I genuinely believe that almost all former students of these so-called “role model” programs have seen similar things as I have - my team had a history of mentor-student dating, our adult mentors dating students on other teams as soon as they graduated, multiple assault stories minimized, a competition-over-everything toxic environment etc. Despite this, our mentors consistently won Woodie Flowers trophies, the team won Chairman’s awards, etc.
Personally, I believe that much of this can be attributed to the rapid, unchecked growth of teams - a business with 100+ employees and no formal HR policies and department would never be okay, but is frequently seen in FRC teams.
What do you think FIRST needs to do to address these oversights?
Here are some suggestions I would like to see.
a) All mentors, regular volunteers, adults involved with the team etc. should be required to register with FIRST, submitting a criminal record check yearly.
b) Teams should be required to submit an HR representative, that must complete HR training.
c) All mentor romantic relationships with other individuals in the FRC community should be reported officially, ideally through that HR representative. That includes mentor and previous student, mentor and mentor, mentor and mentor from other team etc.
d) Culture audits - potentially at events, a 30 minute session to speak to a few students, parents and mentors about the program and its flaws.
e) FIRST should set an official guideline about the transition from student to mentor. Many of the worst offenders on my team were those who had just made that transition, and did not have the maturity to handle it. I believe that if FIRST made mentors who had been a student in the last two years ineligible to mentor in any form, and promoted volunteering as their best option, many of these grooming situations could be avoided, and students would have the chance to grow up as an adults in an environment that did not necessarily reinforce the same cultures that they were students in.

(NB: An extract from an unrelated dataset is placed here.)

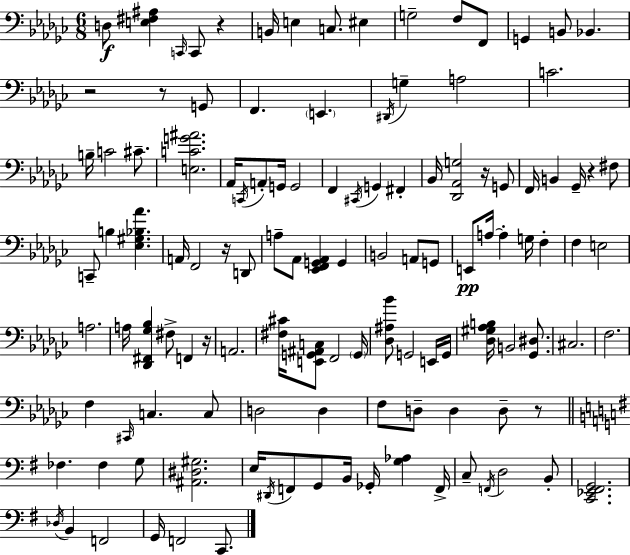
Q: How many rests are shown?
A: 8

f) Mandatory mentor and student video training about what kinds of communication and relationships are and aren’t appropriate. More resources to help students realize that what they are encountering isn’t right.
g) A re-centering of the Chairman’s and Woodie Flowers awards. While both of these awards recognize exceptional individuals, they also have a dangerous side. This ideal that your chairman’s winning team can do no wrong, and has an exemplary culture, or that an interaction with a mentor must be fine as they won an award is extremely dangerous, not to mention the minimization and self-lies that happen when writing the applications for these awards. Rather than promoting these ideas, I have a few suggestions. 1) Teams can only submit applications for another team or mentor, not their own - if a team or mentor has not made a significant impact on their community teams, they shouldn’t be eligible anyways. 2) An additional adult-written submission that focuses more on team culture, HR practices and improvements. If a team has had some sort of disappointing behavior, this would be a good place to acknowledge and include how it was addressed.

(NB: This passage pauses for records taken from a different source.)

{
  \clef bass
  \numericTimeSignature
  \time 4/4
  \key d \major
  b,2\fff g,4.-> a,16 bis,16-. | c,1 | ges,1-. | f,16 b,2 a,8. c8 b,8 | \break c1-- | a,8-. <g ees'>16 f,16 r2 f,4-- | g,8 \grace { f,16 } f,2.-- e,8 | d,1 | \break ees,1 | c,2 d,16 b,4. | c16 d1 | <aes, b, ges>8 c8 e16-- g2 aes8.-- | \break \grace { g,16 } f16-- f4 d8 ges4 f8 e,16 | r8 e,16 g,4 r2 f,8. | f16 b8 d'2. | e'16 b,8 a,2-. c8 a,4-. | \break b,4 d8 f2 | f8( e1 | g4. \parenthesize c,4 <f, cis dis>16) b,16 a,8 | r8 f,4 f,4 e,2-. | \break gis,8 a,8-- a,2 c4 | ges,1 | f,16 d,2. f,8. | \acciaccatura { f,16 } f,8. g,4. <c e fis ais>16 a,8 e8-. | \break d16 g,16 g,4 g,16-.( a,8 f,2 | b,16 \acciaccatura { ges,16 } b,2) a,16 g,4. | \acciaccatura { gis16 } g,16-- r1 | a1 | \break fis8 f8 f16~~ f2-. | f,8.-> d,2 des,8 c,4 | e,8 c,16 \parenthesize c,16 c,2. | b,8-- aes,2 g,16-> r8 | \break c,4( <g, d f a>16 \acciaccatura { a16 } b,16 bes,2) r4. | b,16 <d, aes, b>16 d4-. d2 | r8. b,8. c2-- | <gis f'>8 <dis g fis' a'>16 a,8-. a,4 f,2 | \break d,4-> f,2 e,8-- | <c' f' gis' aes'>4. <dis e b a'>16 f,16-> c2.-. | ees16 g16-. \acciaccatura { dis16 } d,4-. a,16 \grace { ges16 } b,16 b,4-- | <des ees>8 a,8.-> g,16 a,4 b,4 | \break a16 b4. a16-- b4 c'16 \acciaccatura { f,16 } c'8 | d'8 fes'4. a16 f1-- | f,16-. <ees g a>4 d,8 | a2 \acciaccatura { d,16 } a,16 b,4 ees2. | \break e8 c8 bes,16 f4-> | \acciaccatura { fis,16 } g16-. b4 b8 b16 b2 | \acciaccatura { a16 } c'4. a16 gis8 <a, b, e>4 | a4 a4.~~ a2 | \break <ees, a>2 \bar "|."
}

h) Regular student and mentor culture surveys. I envision an app, that has a biweekly, optional survey. Questions should include how comfortable women feel in the environment, how much stress the individuals are under from the team responsibilities, if they are taking care of themselves otherwise etc. While this shouldn’t be formally scored, regional representatives should be aware of this and eventually able to act on it.
What else could you see improving the dangerous cultures FRC has fostered for a long time?